START AVAILABLE DATA

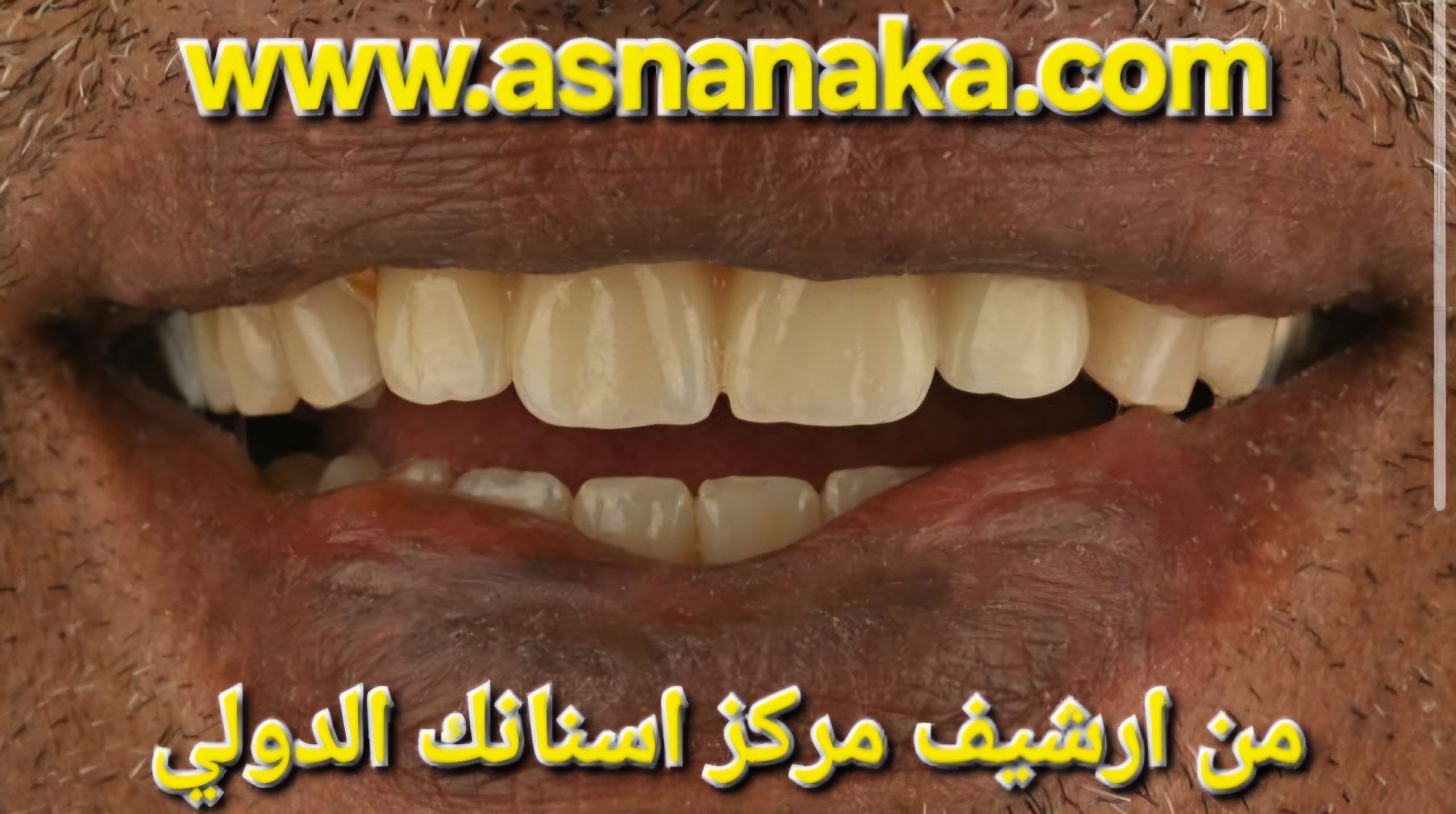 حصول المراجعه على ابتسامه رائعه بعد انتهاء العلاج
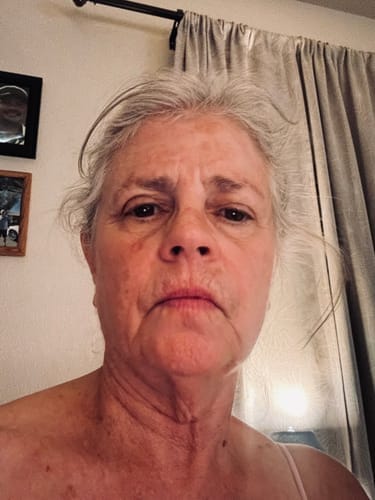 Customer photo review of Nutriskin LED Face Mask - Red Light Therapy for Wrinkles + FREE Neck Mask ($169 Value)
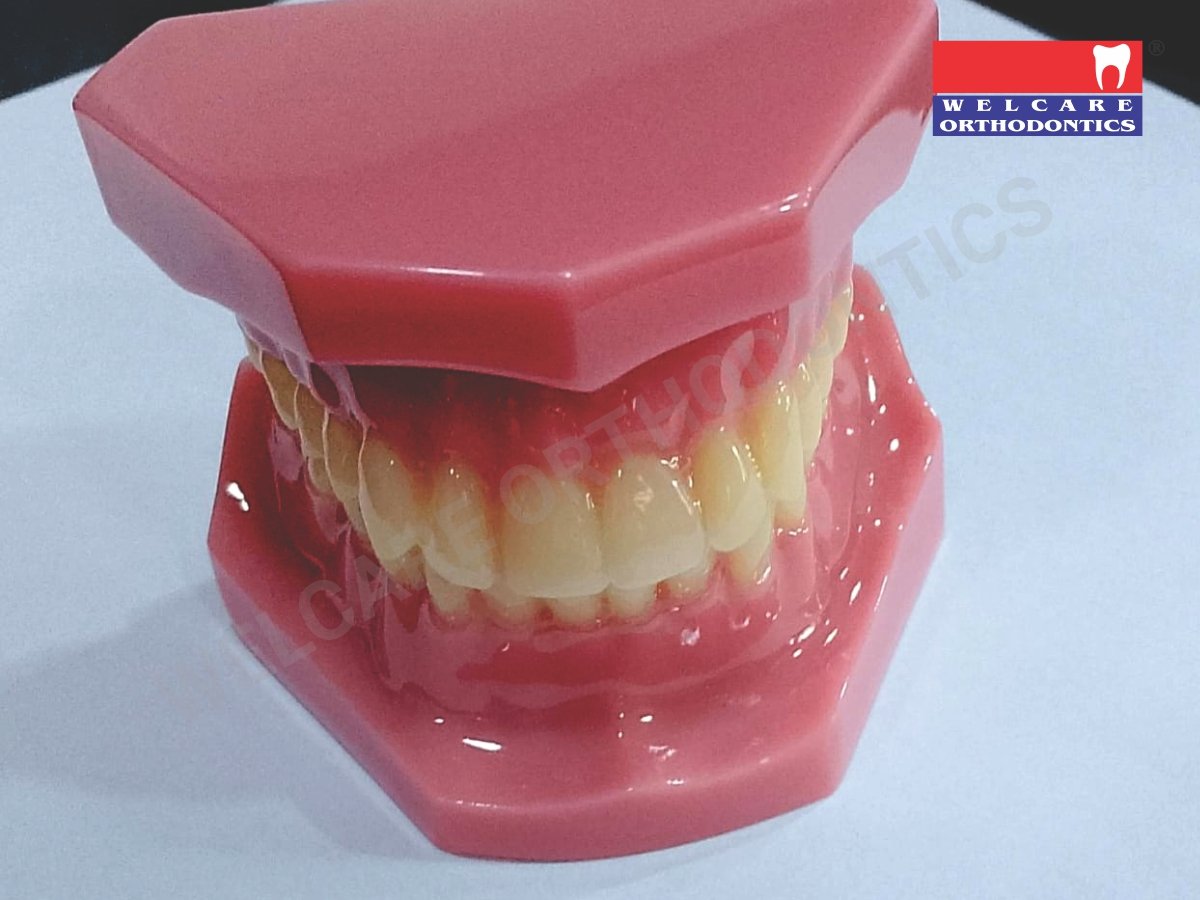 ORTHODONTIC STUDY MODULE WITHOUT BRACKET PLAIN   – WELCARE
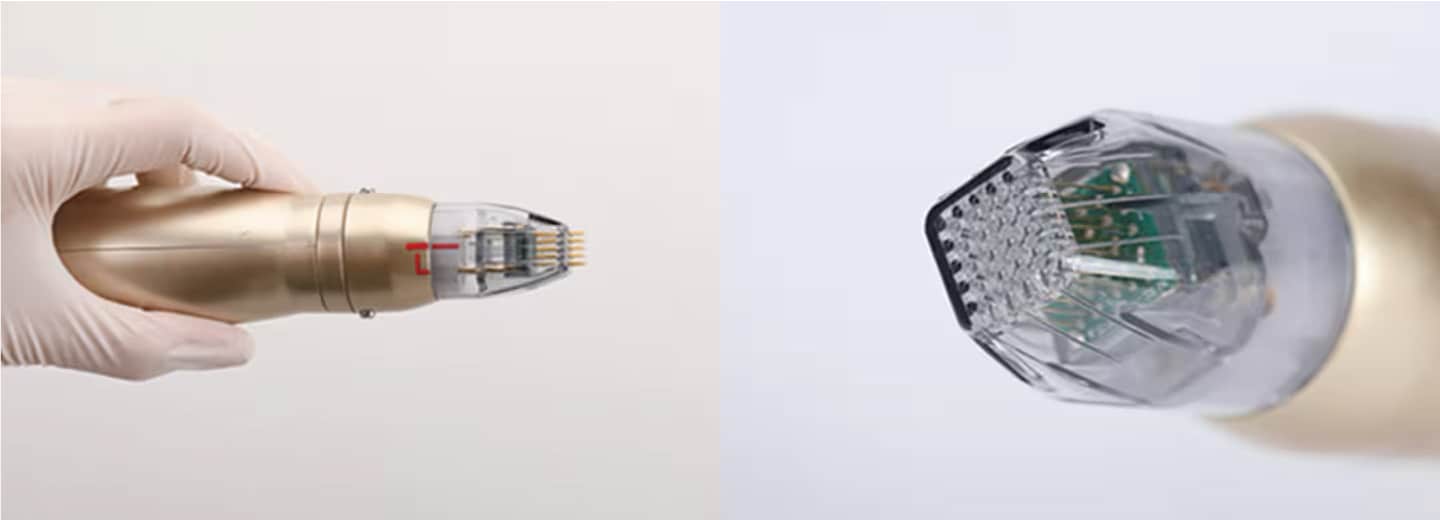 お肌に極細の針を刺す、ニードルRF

END AVAILABLE DATA

# PROBLEM REQUIREMENTS
With the pictures excluded, retype exactly the lines from the one containing "ORTHODONTIC STUDY MODULE" through the last line of the listing, both ends included.

# SOLUTION FOR THIS PROBLEM
 ORTHODONTIC STUDY MODULE WITHOUT BRACKET PLAIN   – WELCARE
 お肌に極細の針を刺す、ニードルRF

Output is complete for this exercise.